** Opening THE INPUT block **
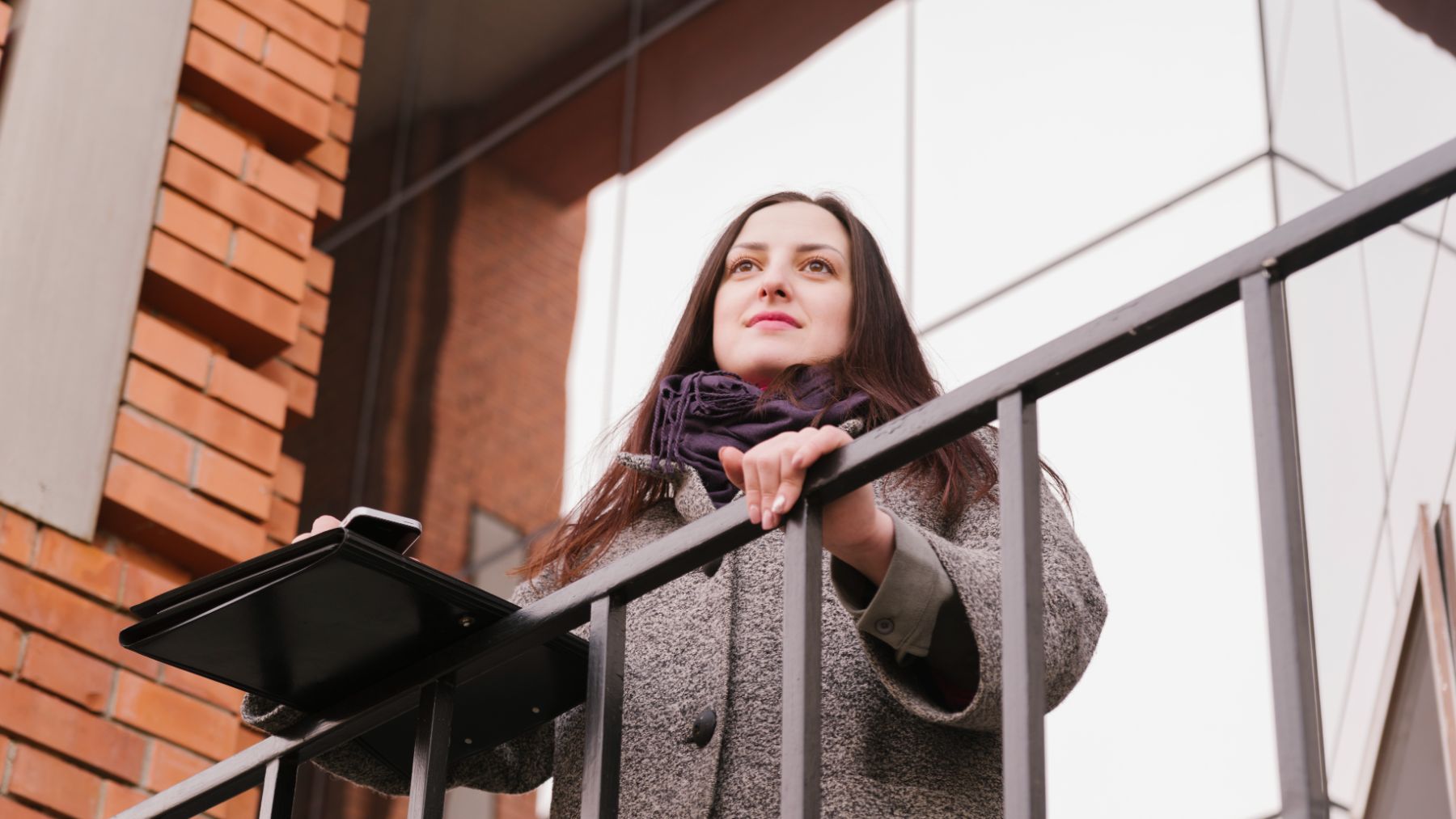 La Ley de Propiedad Horizontal lo confirma: adiós a fumar en el balcón de tu casa, te pueden denunciar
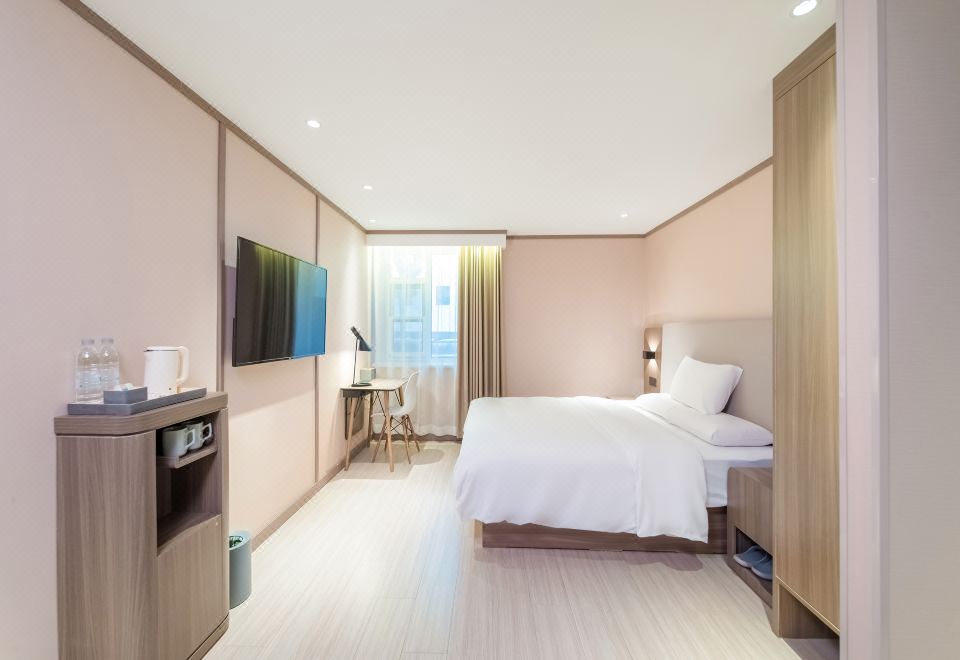 HanTing Hotel (Beijing Qianmen Street)Superior Queen Room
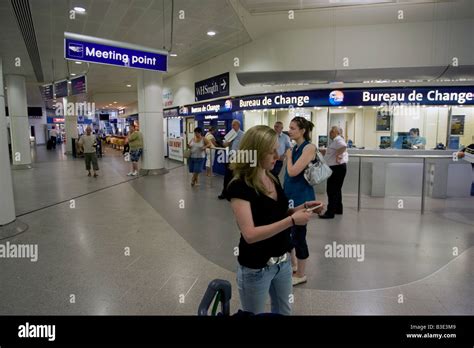 Manchester Airport Terminal 3 Stock Photo - Alamy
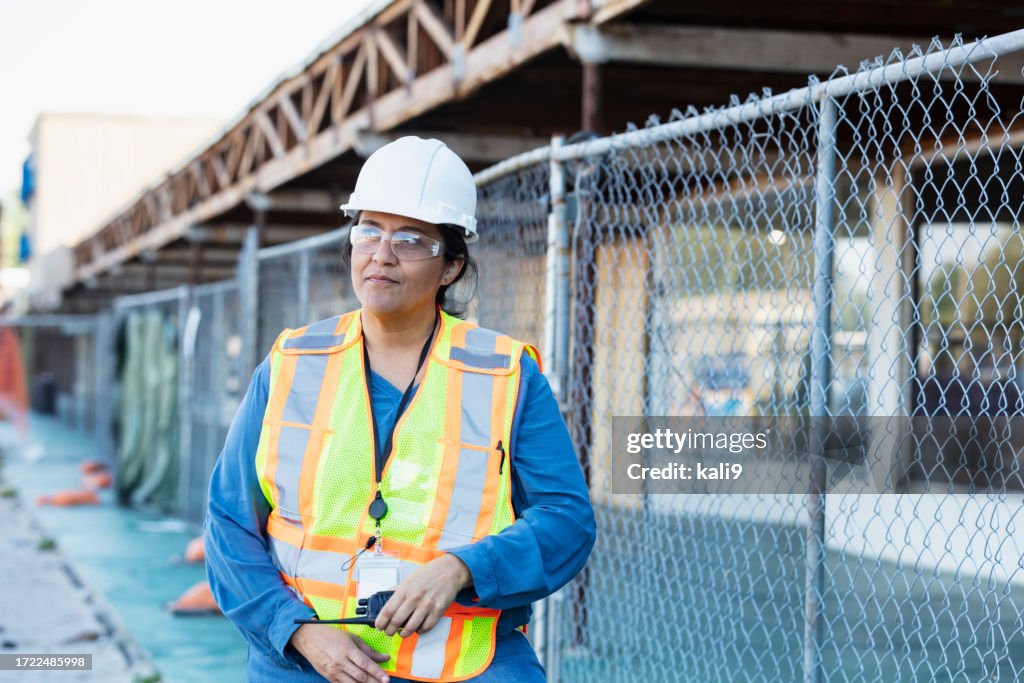 Trabalhadora da construção civil hispânica em pé ao ar livre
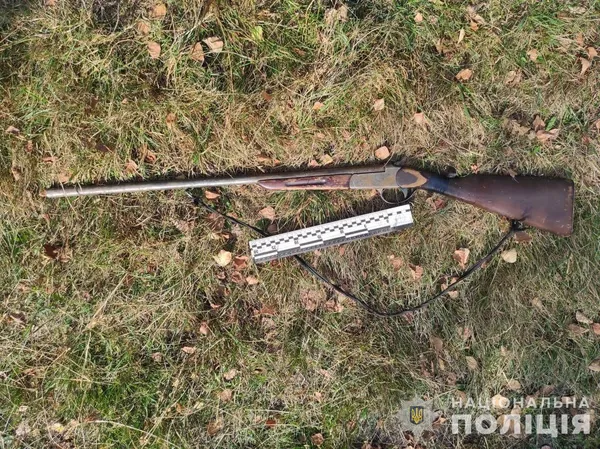 На Волині 33-річний хуліган обстріляв з рушниці сусідську хату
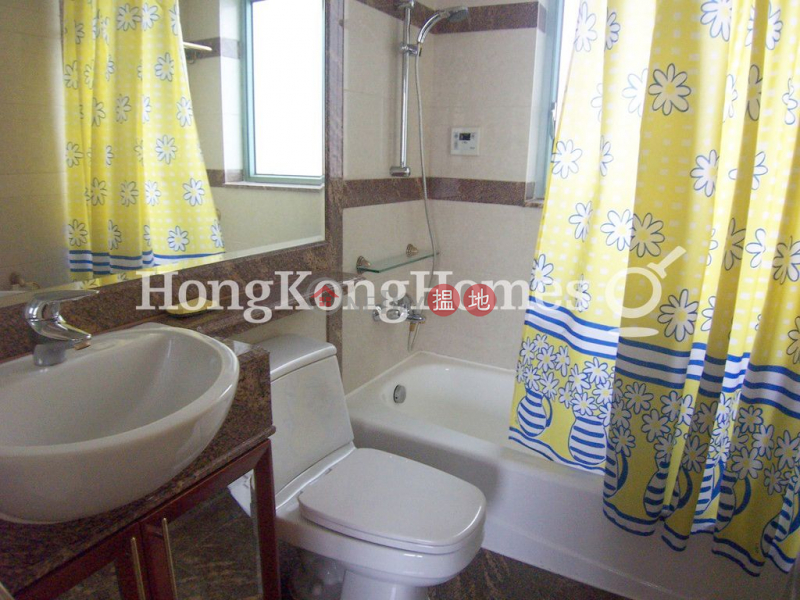 Property Search Hong Kong | OneDay | Residential, Rental Listings | 3 Bedroom Family Unit for Rent at Tower 1 The Victoria Towers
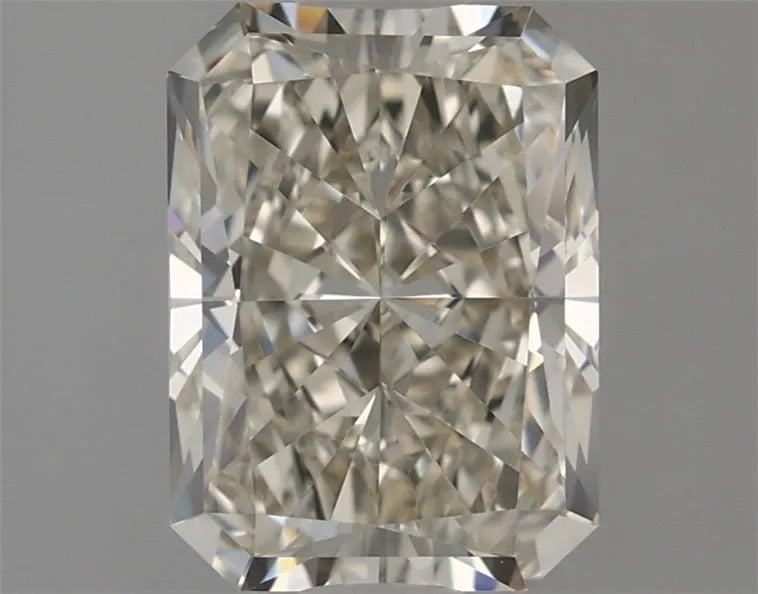 2.12ct Radiant Lab Grown Diamond (Colour J, Clarity VVS2, IGI Certified)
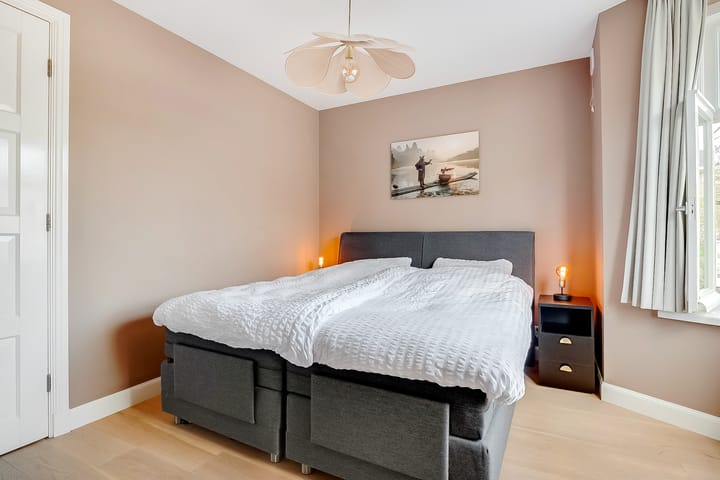 Foto 25 van Uiterwaardenstraat 63-H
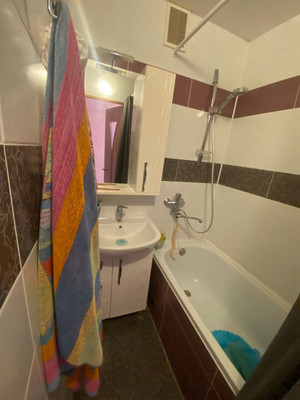 Продам трехкомнатную (3-комн.) квартиру, Каспарова ул, 3, Армавир г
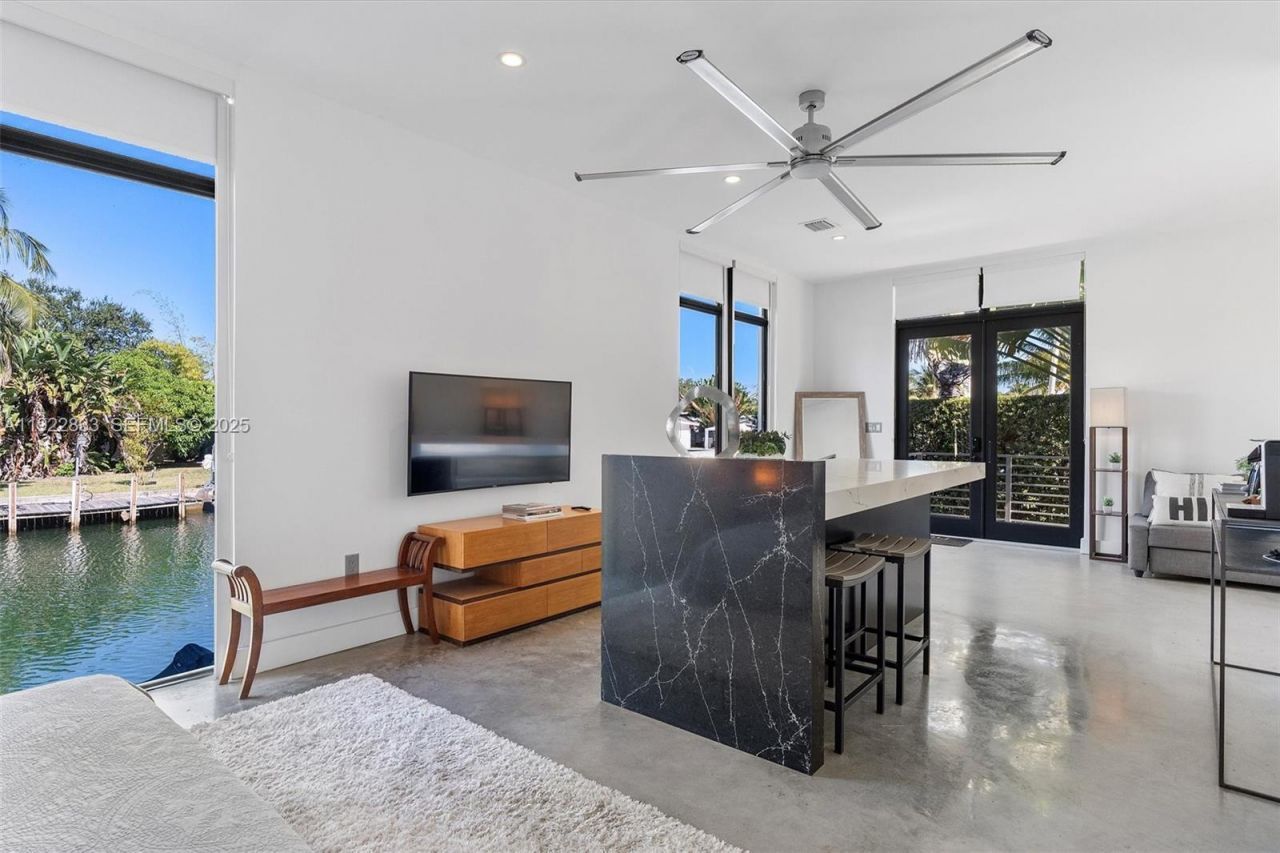 1009 NE 104th St, Miami Shores, FL 33138 Photo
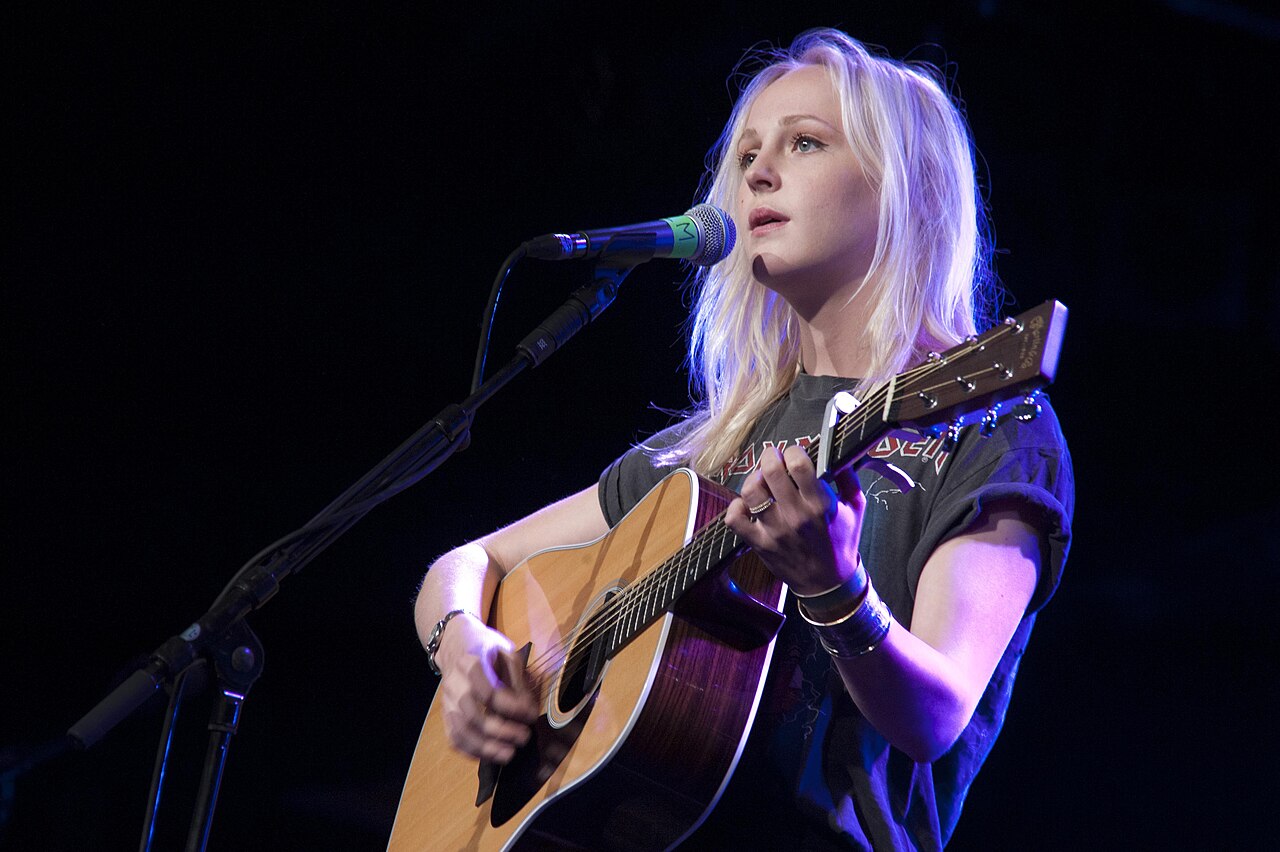 Laura Marling performing at Cambridge Festivals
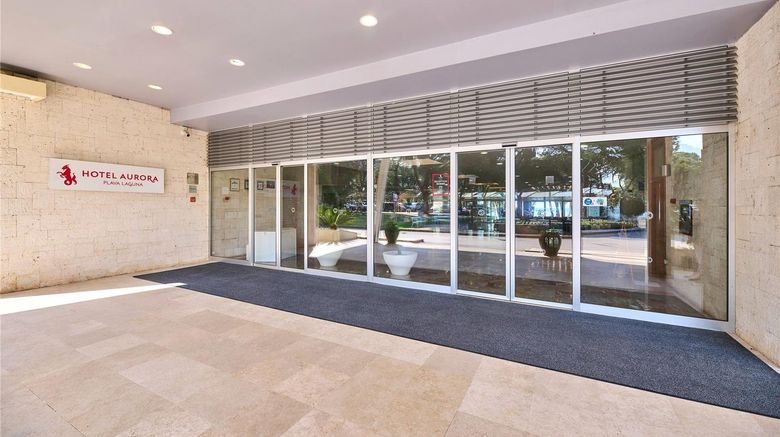 <b>Sol Aurora Exterior</b>. Images powered by <a href="https://iceportal.shijigroup.com/" title="IcePortal" target="_blank">IcePortal</a>.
** Closing THE INPUT block **
EXERCISE BRIEF:
Please copy exactly the lines from the one containing "HanTing Hotel (Beijing" through the last line of the records, both ends included, and leave out any pictures.

EXERCISE OUTPUT:
 HanTing Hotel (Beijing Qianmen Street)Superior Queen Room
 Manchester Airport Terminal 3 Stock Photo - Alamy
 Trabalhadora da construção civil hispânica em pé ao ar livre
 На Волині 33-річний хуліган обстріляв з рушниці сусідську хату
 Property Search Hong Kong | OneDay | Residential, Rental Listings | 3 Bedroom Family Unit for Rent at Tower 1 The Victoria Towers
 2.12ct Radiant Lab Grown Diamond (Colour J, Clarity VVS2, IGI Certified)
 Foto 25 van Uiterwaardenstraat 63-H
 Продам трехкомнатную (3-комн.) квартиру, Каспарова ул, 3, Армавир г
 1009 NE 104th St, Miami Shores, FL 33138 Photo
 Laura Marling performing at Cambridge Festivals
 <b>Sol Aurora Exterior</b>. Images powered by <a href="https://iceportal.shijigroup.com/" title="IcePortal" target="_blank">IcePortal</a>.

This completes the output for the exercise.